The Bank of Ghana increased its benchmark interest rate by 100bps to 25% on September 14, 2015, aiming to curb inflationary pressures.
Interest rate in Ghana averaged 16.99% from 2002 until 2015, reaching an all-time high of 27.50% in March of 2003 and a record low of 12.50% in December of 2006.
High interest rate had consistently been cited by the world competitive index reports as well as in surveys by the Association of Ghana Industries as one of the major obstacles to doing business in the country.
The need for a more effective regulation on interest rates by the Central Bank as a way of reducing the high costs of credit is paramount.
The high lending rates in Ghana, in spite of historically low rates worldwide, are of monumental national importance due to its implications for the development of the private sector.
Some analysts blame competitive government borrowing as a major cause of high lending rates in the country.
The country’s high budget deficit for a long time, which is increased during election years, is financed by borrowing both domestically and internationally.
This has driven up the rates for Treasury Bills, which has become a de facto benchmark for banks’ rates.
Also, government is forced to pay relatively high interest rates, which in turn forces the private sector to pay high rates for credit.
In addition, high costs in the banking industry covering operational costs, energy costs due to the current energy crisis, as well as structural inefficiencies, high borrower risks emanating from inadequate collateral, lack of credit referencing, un-bankable projects and general macro-economic instability have contributed to the high rates.
Internationally, the depreciation of the cedi and high interest rate demand from foreign investors on bonds have also been contributory factors.
In order to address these issues, government must restrain its borrowing by reducing the budget deficits.
Government must also consolidate the macroeconomic stability of the country.
Other remedies include increasing the efficiency of banks’ operational costs, addressing borrower risks and, most importantly, reinforcing financial regulation in Ghana.
Interest rates around the world
Interest rates around the world, both short term and long term, are exceptionally low these days.
The United States of America government can borrow for 10 years at a rate of about 1.9%, and for 30 years at about 2.5%.
Rates in other industrial countries are even lower.

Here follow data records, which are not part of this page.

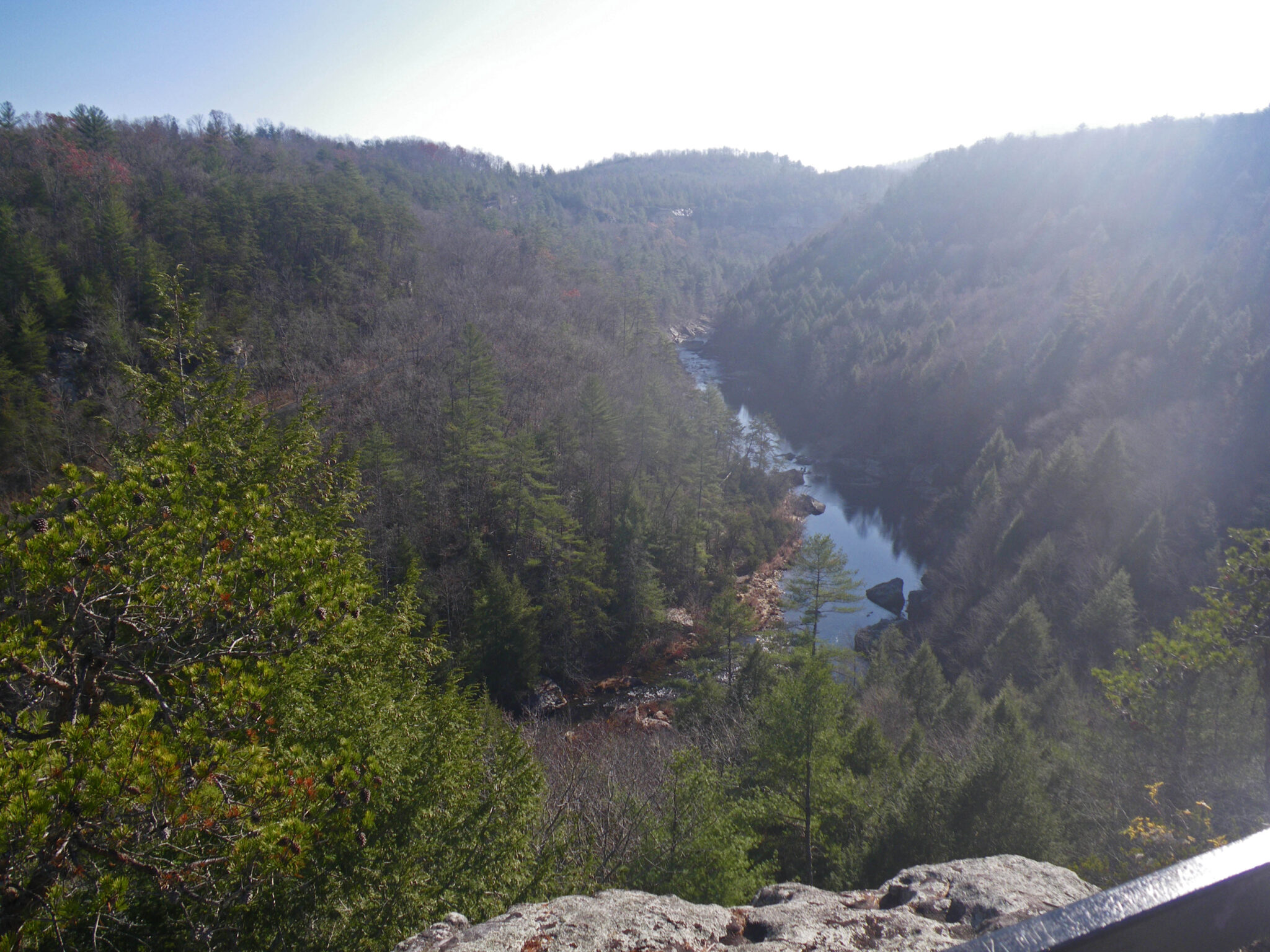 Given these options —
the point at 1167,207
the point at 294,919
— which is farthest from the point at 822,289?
the point at 294,919

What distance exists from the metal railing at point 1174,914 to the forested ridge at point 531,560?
471 centimetres

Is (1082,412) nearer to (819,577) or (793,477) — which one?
(793,477)

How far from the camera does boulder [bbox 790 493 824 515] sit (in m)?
55.4

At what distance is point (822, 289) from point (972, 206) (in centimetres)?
4134

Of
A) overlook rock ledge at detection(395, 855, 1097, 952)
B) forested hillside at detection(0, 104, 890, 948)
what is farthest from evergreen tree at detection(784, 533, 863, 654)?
overlook rock ledge at detection(395, 855, 1097, 952)

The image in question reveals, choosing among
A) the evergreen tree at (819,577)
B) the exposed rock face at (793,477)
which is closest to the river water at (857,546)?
the exposed rock face at (793,477)

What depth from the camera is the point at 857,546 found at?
50.9m

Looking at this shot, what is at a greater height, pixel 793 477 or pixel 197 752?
pixel 197 752

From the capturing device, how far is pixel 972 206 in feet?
407

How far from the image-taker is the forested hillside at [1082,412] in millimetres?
13523

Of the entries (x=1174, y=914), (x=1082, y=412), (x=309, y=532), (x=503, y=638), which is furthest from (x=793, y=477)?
(x=1174, y=914)

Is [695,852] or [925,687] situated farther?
[925,687]

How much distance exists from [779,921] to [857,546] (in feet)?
160

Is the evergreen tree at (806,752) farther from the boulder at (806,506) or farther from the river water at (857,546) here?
the boulder at (806,506) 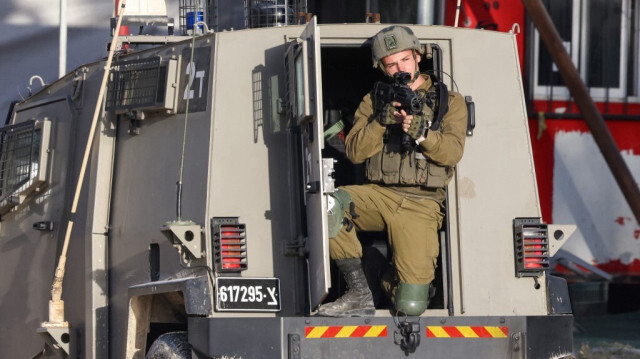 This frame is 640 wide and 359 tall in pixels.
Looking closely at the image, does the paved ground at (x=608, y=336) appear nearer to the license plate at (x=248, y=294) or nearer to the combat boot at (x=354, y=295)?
the combat boot at (x=354, y=295)

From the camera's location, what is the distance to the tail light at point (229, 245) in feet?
23.7

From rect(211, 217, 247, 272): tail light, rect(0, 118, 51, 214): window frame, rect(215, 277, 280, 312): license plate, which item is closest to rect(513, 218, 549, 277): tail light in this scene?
rect(215, 277, 280, 312): license plate

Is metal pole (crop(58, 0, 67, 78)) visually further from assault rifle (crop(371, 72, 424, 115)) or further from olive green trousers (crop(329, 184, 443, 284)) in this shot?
assault rifle (crop(371, 72, 424, 115))

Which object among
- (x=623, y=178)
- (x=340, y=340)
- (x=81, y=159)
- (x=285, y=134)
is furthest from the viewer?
(x=623, y=178)

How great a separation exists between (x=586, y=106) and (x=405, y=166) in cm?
565

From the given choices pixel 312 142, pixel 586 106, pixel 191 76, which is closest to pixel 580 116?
pixel 586 106

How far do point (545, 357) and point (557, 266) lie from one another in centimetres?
600

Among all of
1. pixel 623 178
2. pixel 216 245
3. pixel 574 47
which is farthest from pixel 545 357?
pixel 574 47

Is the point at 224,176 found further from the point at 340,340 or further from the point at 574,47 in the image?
the point at 574,47

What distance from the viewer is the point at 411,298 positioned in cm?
734

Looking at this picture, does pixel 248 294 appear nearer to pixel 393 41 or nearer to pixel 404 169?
pixel 404 169

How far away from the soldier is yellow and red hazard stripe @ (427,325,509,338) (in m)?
0.17

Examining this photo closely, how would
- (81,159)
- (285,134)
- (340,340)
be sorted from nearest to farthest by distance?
1. (340,340)
2. (285,134)
3. (81,159)

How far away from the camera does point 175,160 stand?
7.75 m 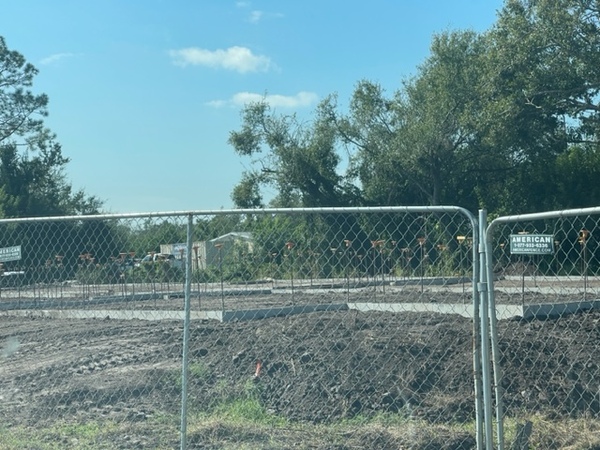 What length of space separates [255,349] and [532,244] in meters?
5.77

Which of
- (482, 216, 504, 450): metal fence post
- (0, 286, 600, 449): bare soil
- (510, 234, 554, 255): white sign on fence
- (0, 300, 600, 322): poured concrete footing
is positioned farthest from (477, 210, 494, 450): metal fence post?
(0, 300, 600, 322): poured concrete footing

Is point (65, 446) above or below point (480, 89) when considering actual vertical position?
below

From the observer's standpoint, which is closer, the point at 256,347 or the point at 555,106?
the point at 256,347

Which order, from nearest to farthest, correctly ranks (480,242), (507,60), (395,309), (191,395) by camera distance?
(480,242) < (191,395) < (395,309) < (507,60)

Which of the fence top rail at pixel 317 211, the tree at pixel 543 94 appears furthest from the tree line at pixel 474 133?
the fence top rail at pixel 317 211

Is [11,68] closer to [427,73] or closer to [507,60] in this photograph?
[427,73]

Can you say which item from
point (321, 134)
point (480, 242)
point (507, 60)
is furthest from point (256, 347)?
point (321, 134)

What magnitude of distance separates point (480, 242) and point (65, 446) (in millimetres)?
3760

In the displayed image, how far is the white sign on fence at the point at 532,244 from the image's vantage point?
4.41 metres

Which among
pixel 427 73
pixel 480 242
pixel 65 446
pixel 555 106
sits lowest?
pixel 65 446

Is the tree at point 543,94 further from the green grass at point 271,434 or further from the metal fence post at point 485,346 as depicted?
the metal fence post at point 485,346

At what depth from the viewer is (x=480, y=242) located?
4758mm

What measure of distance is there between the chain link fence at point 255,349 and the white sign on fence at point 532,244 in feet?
0.88

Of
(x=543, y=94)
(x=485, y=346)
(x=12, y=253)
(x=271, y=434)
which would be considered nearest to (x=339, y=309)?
(x=271, y=434) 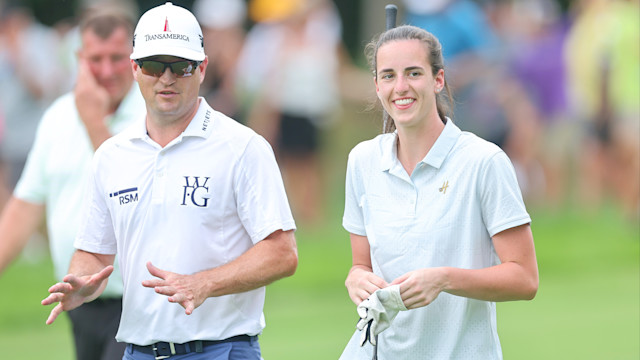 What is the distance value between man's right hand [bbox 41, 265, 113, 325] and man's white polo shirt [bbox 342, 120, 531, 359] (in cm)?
123

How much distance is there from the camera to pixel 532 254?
15.8ft

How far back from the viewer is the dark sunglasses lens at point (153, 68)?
513 cm

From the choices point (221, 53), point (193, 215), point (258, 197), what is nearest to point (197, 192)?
point (193, 215)

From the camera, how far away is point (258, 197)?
16.8 ft

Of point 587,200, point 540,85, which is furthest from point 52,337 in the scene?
point 540,85

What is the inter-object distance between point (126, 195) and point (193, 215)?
0.36 metres

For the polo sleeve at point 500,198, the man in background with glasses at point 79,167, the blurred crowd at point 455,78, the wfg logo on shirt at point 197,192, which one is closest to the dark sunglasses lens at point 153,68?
the wfg logo on shirt at point 197,192

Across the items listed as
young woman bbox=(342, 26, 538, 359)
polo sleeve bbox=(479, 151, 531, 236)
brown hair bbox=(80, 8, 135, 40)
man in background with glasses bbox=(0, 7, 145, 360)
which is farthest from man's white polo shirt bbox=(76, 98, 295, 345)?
brown hair bbox=(80, 8, 135, 40)

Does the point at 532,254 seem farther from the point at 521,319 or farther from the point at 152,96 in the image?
the point at 521,319

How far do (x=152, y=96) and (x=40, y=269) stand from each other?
946 centimetres

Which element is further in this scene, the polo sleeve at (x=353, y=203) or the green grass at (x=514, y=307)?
the green grass at (x=514, y=307)

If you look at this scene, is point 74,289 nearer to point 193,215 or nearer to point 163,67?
point 193,215

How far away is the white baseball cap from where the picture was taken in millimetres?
5121

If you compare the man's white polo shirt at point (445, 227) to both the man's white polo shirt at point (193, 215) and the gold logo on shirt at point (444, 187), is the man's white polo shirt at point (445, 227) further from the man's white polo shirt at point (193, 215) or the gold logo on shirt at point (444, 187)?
the man's white polo shirt at point (193, 215)
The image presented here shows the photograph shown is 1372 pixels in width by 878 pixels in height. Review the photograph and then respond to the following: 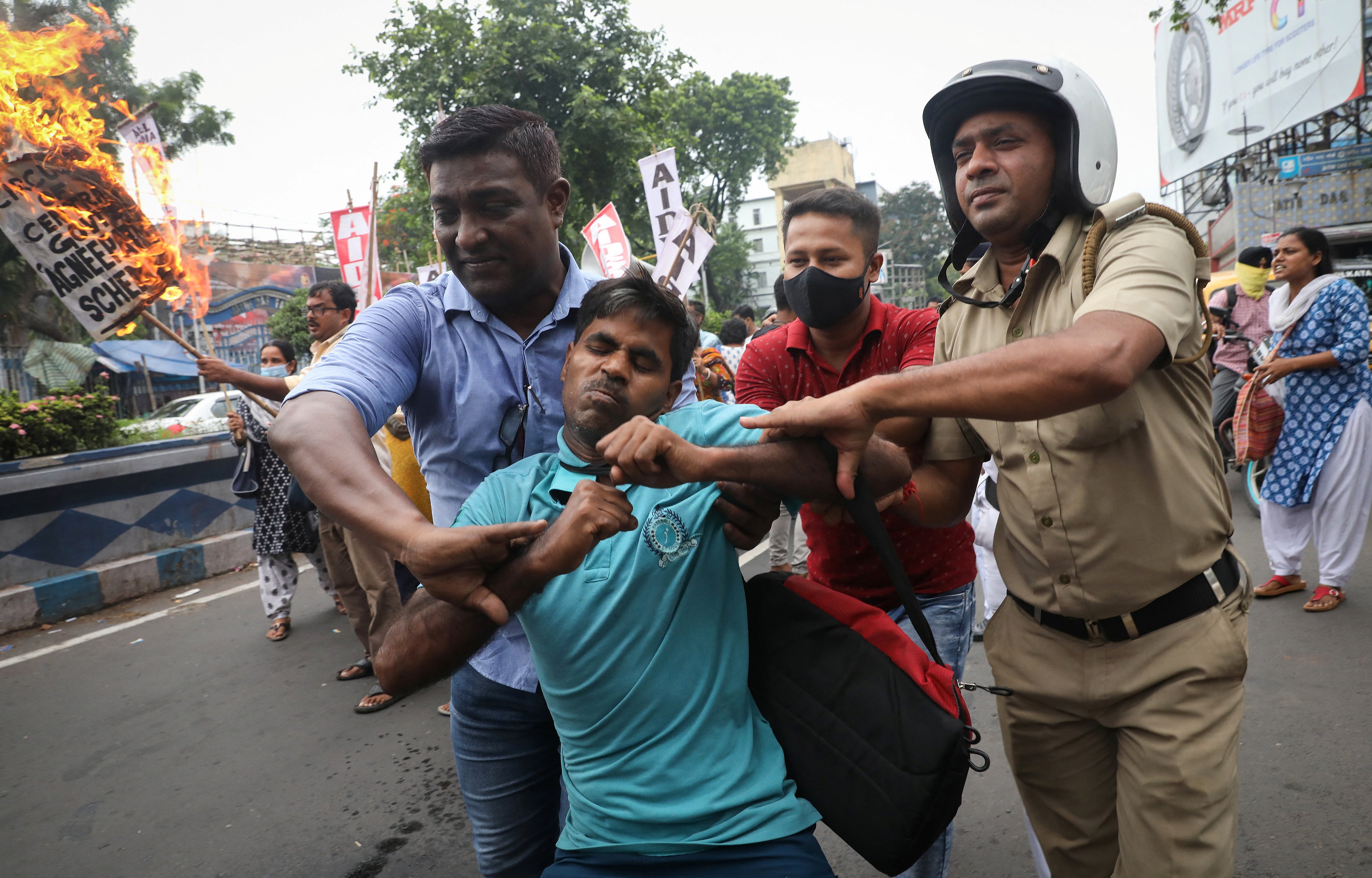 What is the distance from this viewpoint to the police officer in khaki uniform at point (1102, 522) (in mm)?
1720

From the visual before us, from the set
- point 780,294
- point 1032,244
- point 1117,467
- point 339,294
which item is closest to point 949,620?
point 1117,467

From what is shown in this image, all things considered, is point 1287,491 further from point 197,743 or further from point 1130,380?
point 197,743

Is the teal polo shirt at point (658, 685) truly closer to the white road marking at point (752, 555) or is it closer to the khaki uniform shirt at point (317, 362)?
the khaki uniform shirt at point (317, 362)

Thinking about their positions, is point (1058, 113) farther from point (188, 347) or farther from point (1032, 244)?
point (188, 347)

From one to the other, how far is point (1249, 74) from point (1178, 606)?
1151 inches

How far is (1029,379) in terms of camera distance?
1339 millimetres

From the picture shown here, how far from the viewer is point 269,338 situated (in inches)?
1059

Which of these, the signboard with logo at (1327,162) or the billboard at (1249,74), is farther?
the billboard at (1249,74)

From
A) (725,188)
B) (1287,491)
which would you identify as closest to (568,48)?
(725,188)

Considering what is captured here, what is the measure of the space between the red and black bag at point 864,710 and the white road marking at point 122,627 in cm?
613

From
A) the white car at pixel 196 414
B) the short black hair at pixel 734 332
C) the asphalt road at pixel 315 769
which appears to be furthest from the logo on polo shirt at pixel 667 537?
the white car at pixel 196 414

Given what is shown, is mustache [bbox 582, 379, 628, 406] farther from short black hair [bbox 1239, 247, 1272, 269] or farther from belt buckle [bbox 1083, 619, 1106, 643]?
short black hair [bbox 1239, 247, 1272, 269]

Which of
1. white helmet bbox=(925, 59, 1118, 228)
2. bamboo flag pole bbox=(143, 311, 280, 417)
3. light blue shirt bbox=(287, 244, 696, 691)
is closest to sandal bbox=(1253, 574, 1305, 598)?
white helmet bbox=(925, 59, 1118, 228)

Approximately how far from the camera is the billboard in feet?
66.2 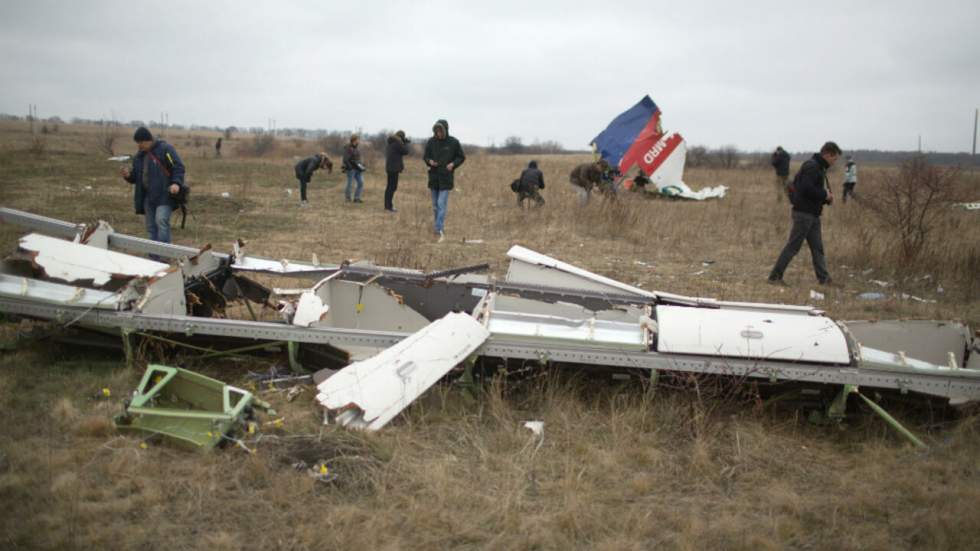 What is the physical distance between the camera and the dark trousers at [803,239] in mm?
7793

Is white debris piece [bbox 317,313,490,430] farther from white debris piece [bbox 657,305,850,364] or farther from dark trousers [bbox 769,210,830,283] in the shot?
dark trousers [bbox 769,210,830,283]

For example, the yield on 10-year government bonds is now around 0.2% in Germany, 0.3% in Japan and 1.6% in the United Kingdom.
In Switzerland, the 10-year yield is currently slightly negative, meaning that lenders must pay the Swiss government to hold their money.
The interest rates paid by businesses and households are relatively higher, primarily because of credit risk, but are still very low on historical basis.
All else equal, investors demand higher yields when inflation is high to compensate them for the declining purchasing power.
But yields on inflation-protected bonds are also very low today. The real or inflation-adjusted return on lending to the U.S. government for five years is currently about minus 0.1%.